First there was Sean Combs, the private school-educated middle-class boy from upstate New York.

Then there was Puff Daddy, the bad boy rapper who lost his best friend in the east coast-west coast rap wars. After that came P Diddy, the responsible friend of charitable causes, following his acquittal for bribery and gun possession.

Now he is on Broadway with an entirely new role that for once we can all be sure is fictional - Walter Lee Younger in Lorraine Hansberry's classic drama, Raisin in the Sun, which opened on Monday night. To his list of achievements as singer, producer, fashion designer and businessman, Combs can now add actor.

In the play Walter Lee is an angry dreamer, frustrated with his job as a chauffeur for a wealthy white man. Younger lives with his mother, wife and sister and son in the segregated south side of Chicago during the 1950s.

"People may think they're coming to see Puffy on stage," he told the Daily News, "but they're getting Walter Lee Younger."

The New York Times' theatre critic yesterday respectfully disagreed.

The play's leading women- Phylicia Rashid and Audra McDonald - have been lauded, their male counterpart has had a rougher ride. "Mr Combs has left lots of space for Walter to grow," the review says. "Unfortunately, that space is never filled _ This Walter Lee never appears to change, in big ways or small. Happy or sad, drunk or sober, angry or placating, his evenly measured words and debating team captain's gestures remain pretty much the same."

But even the NYT gave Mr Combs' performance grudging respect. "[He] is not the wholesale embarrassment that connoisseurs of schadenfreude were hoping for," the critic concedes.

The drama critic of the Associated Press, was kinder but came away with a similarly mixed impression.

"The actor has a compelling physical presence - and he's fine in the comedy scenes _ But Combs is not a nuanced performer who can bring to life the enormity of Walter Lee's resentment, much less his eventual redemption in the evening's final scene."

Walter Lee is not only central to the play, the play is central to American drama, marking the theatrical depiction of a generational turning point in the civil rights movement.

The most famous person to play Walter Lee before Combs was Sidney Poitier, who performed it on the stage and in the film.

The title comes from a famous poem by the poet laureate of the Harlem renaissance, Langston Hughes, who asked "What happens to a dream deferred? Does it dry up like a raisin in the sun?"

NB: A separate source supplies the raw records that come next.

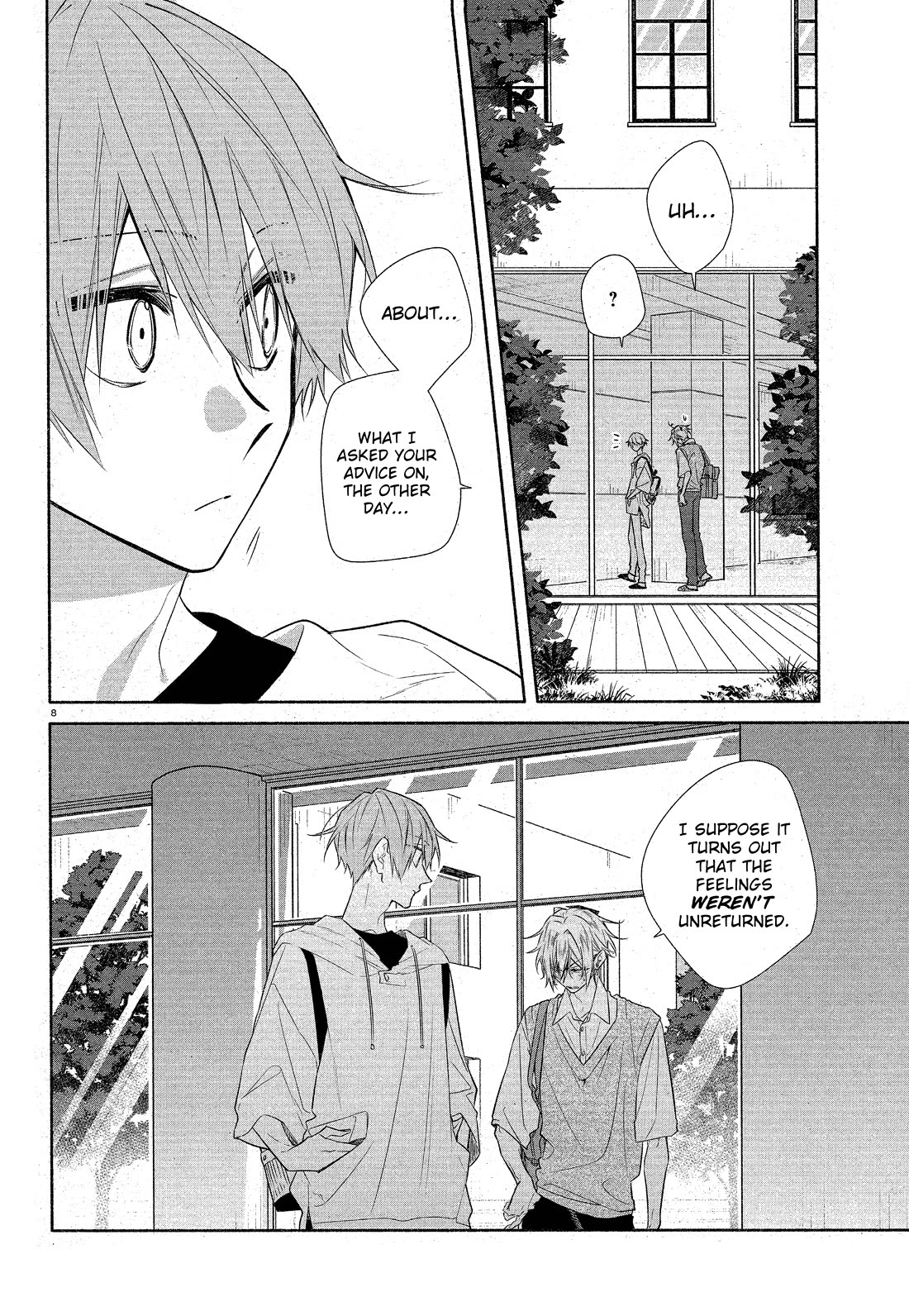 Hirano to Kagiura Chapter 36 page 9 - Chapter 36: A Brand New, Heart-Pounding Life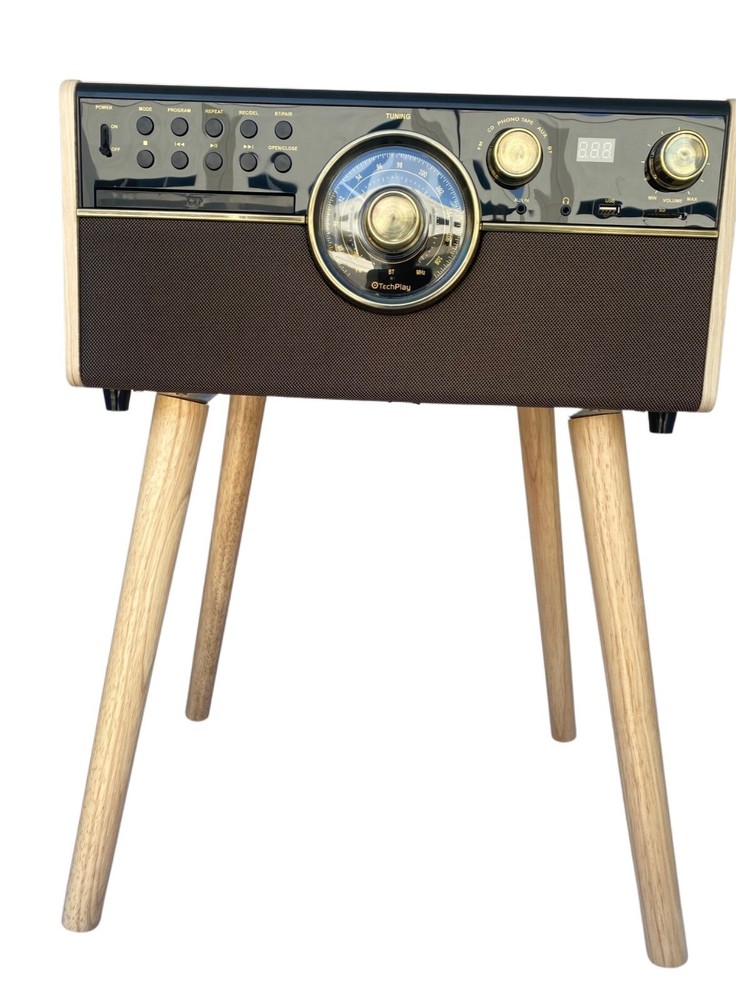 TechPlay Cyclops High Power System, Turntable, Cassette/CD W/Dual Bluetooth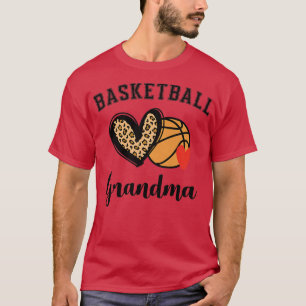 Camiseta Vovó de basquete Avó Leopardo Avó do coração Avô
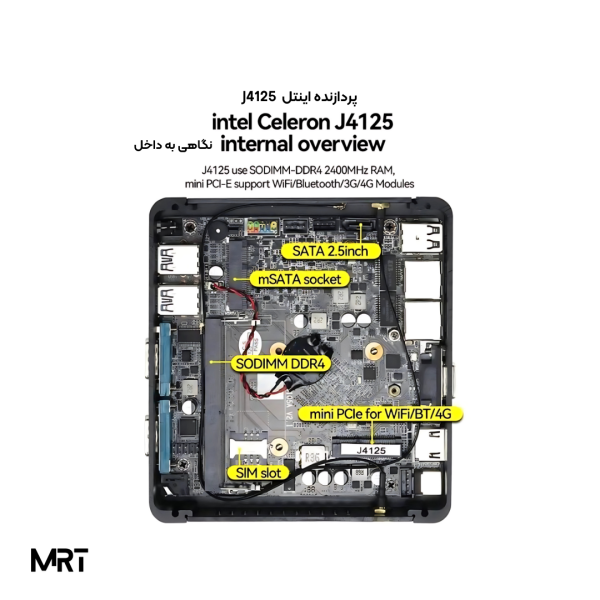 تین کلاینت مدل j4125 پردازنده CPU celeron j4125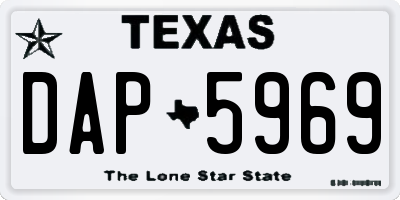 TX license plate DAP5969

And Combs' is not the only new face on Broadway.

Thanks to advertising on black radio stations and newspapers, Combs' presence is putting on seats young, black bums that rarely make it to the theatre.

"Sean brings to the theatre a whole new audience," David Binder, the play's lead producer, told Newsday. "Our audiences have been old and young, and 60% to 70% black."

Whether they find what they are looking for when they get there, however, is another thing. "Puffy is a brand," Miss Info from Hot 97 radio station told the New York Times.

"His name is synonymous with luxury, living large, crossing over, and kids are interested in anything he does. A lot of listeners have no idea what this play is about. They just know that P Diddy is in a play.

"But it's not about music, there are no Bentleys, it's not gangster, so some people might be disappointed."

In many ways the hot-headed and seriously conflicted character of Walter Lee suits Combs.

The last time most New Yorkers remember him on Broadway he was in a car chase with Jennifer Lopez at his side and the police in pursuit after his protege Jamal "Shyne" Barrow fired his gun at Club New York.

Combs prefers other parallels. "I wasn't always rich," he told the Bergen Record. "I wasn't always famous.

"And no matter what, I'm still a black man. I grew up in a house with women. My father was killed when I was three. I have sons. There are some parallels. But the biggest parallel is that we're both dreamers. And dreamers are gamblers."

But according to his acting coach, Susan Batson, the differences between Combs and Walter Lee have been a considerable impediment. "Failure is not in his vocabulary - and that's his problem," she says.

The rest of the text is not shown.